Listed entries Start Marker

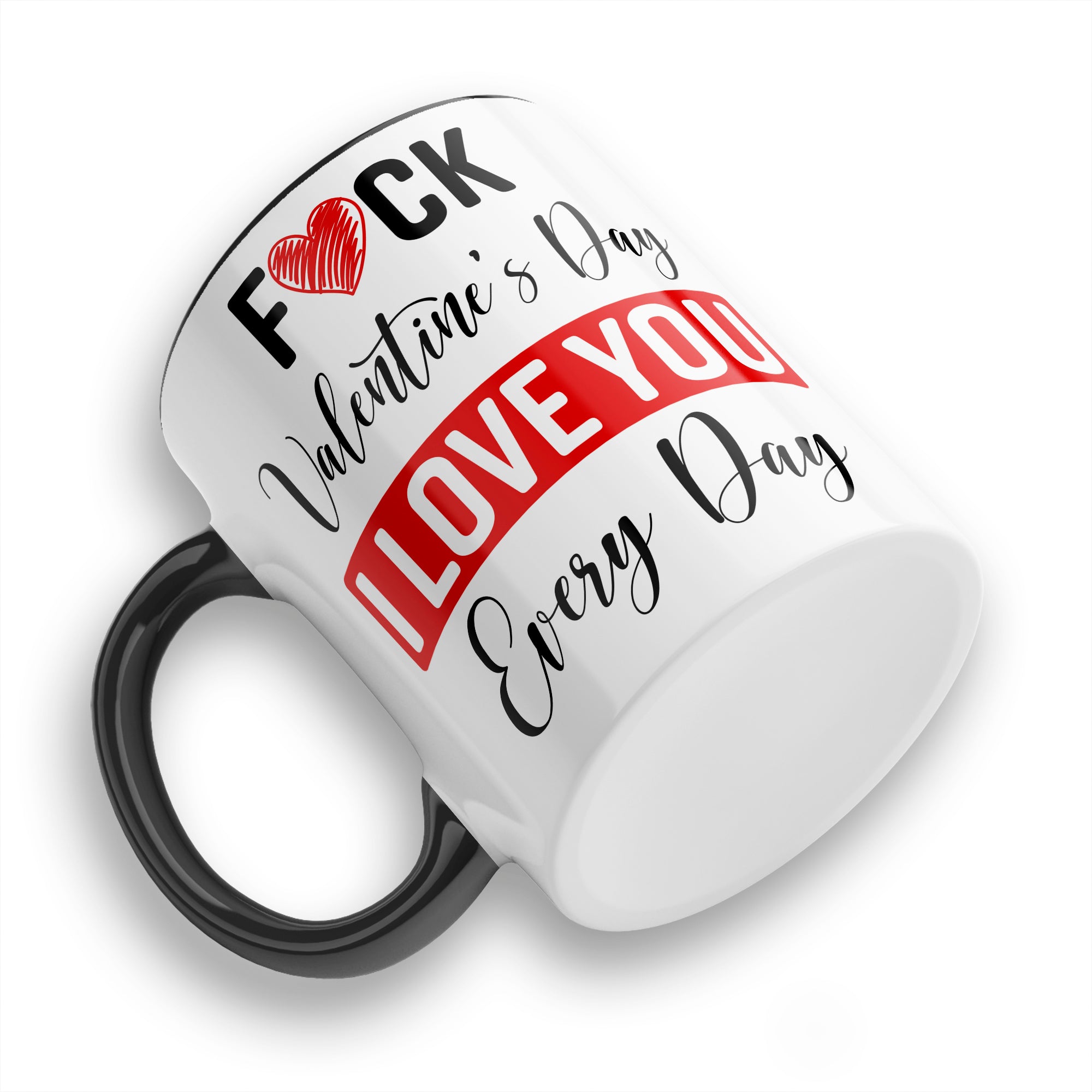 Fuck Valentine's Day I Love You Every Day Ceramic Coffee / Tea Mug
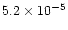 $5.2\times 10^{-5}$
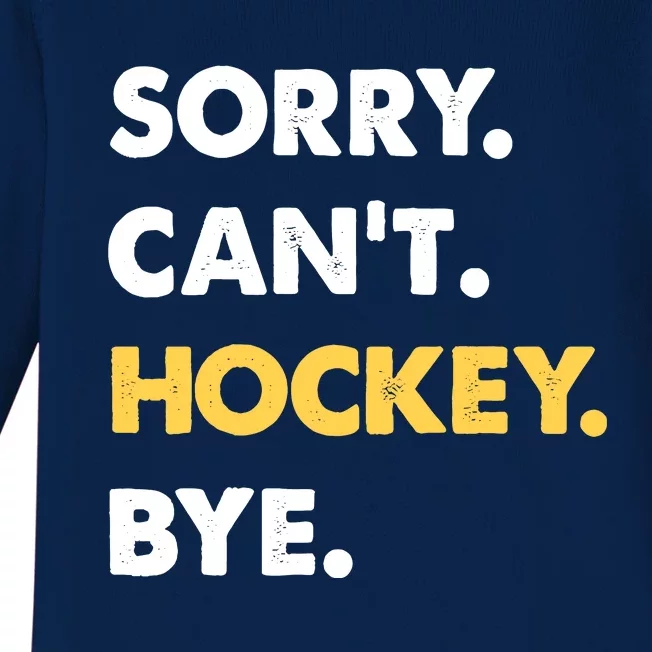 Sorry CanT Hockey Bye Funny Hockey Baby Long Sleeve Bodysuit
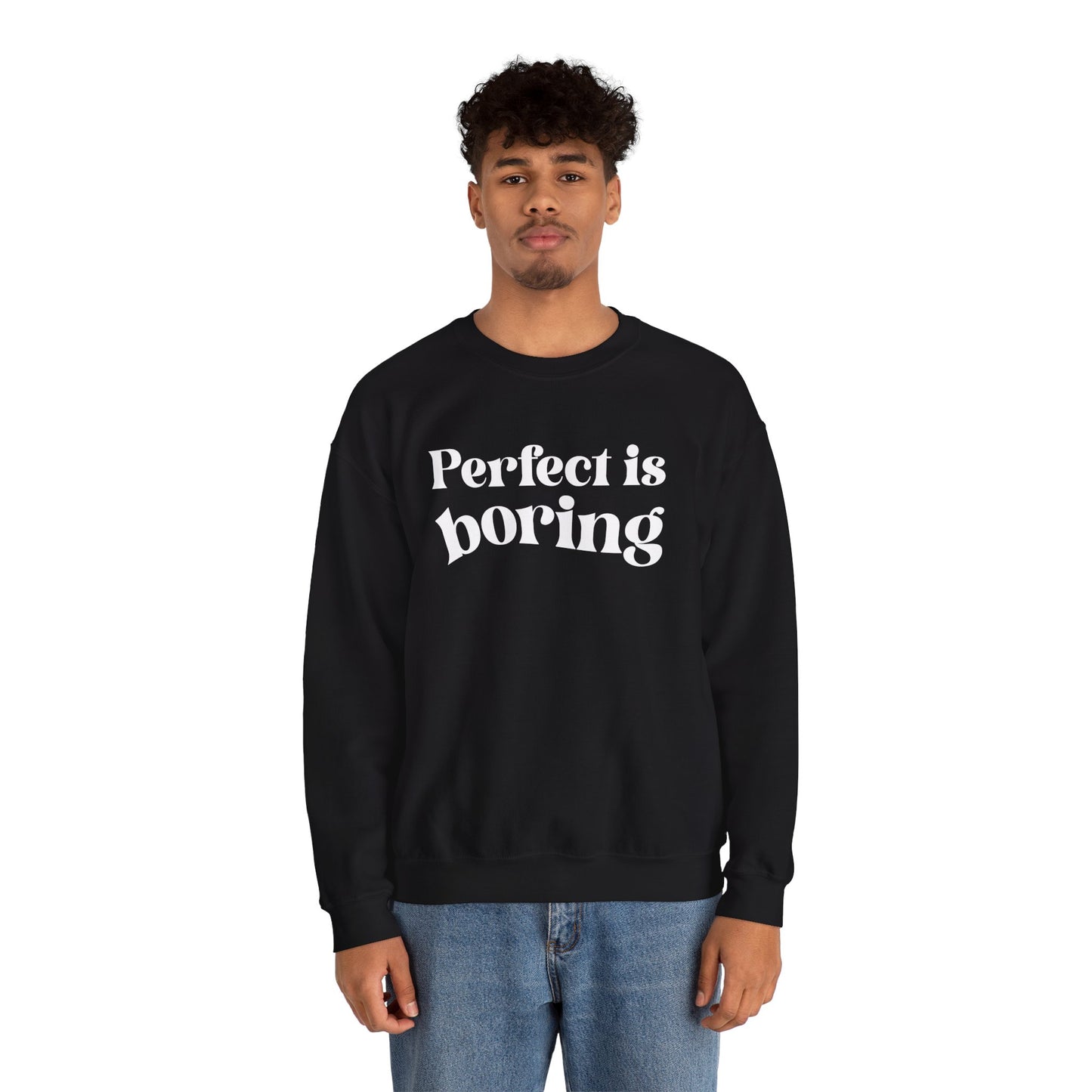 Perfect is boring Sweatshirt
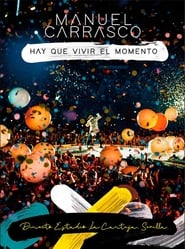 Poster Manuel Carrasco: Hay que vivir el momento
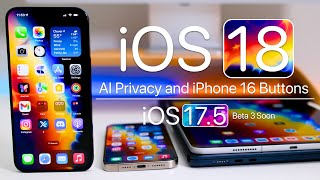 iOS 18 AI Privacy, iPhone 16 Buttons &amp; iOS 17.5 Beta 3 Soon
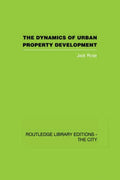 The Dynamics of Urban Property Development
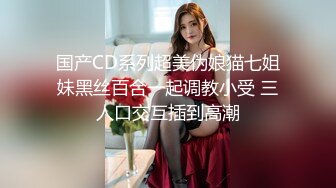 国产CD系列超美伪娘猫七姐妹黑丝百合一起调教小受 三人口交互插到高潮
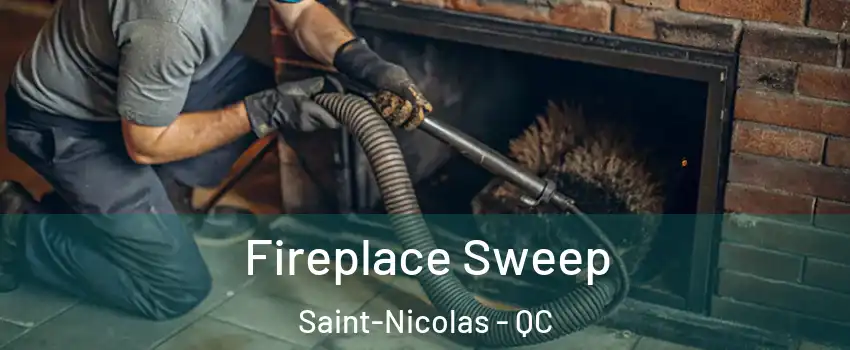  Fireplace Sweep Saint-Nicolas - QC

Listed entries End Marker

Work instructions
Reproduce the entries above without change, omitting all pictures.

Exercise answer
 Fuck Valentine's Day I Love You Every Day Ceramic Coffee / Tea Mug
 $5.2\times 10^{-5}$
 Sorry CanT Hockey Bye Funny Hockey Baby Long Sleeve Bodysuit
 Perfect is boring Sweatshirt
 Poster Manuel Carrasco: Hay que vivir el momento
 iOS 18 AI Privacy, iPhone 16 Buttons &amp; iOS 17.5 Beta 3 Soon
 The Dynamics of Urban Property Development
 国产CD系列超美伪娘猫七姐妹黑丝百合一起调教小受 三人口交互插到高潮
  Fireplace Sweep Saint-Nicolas - QC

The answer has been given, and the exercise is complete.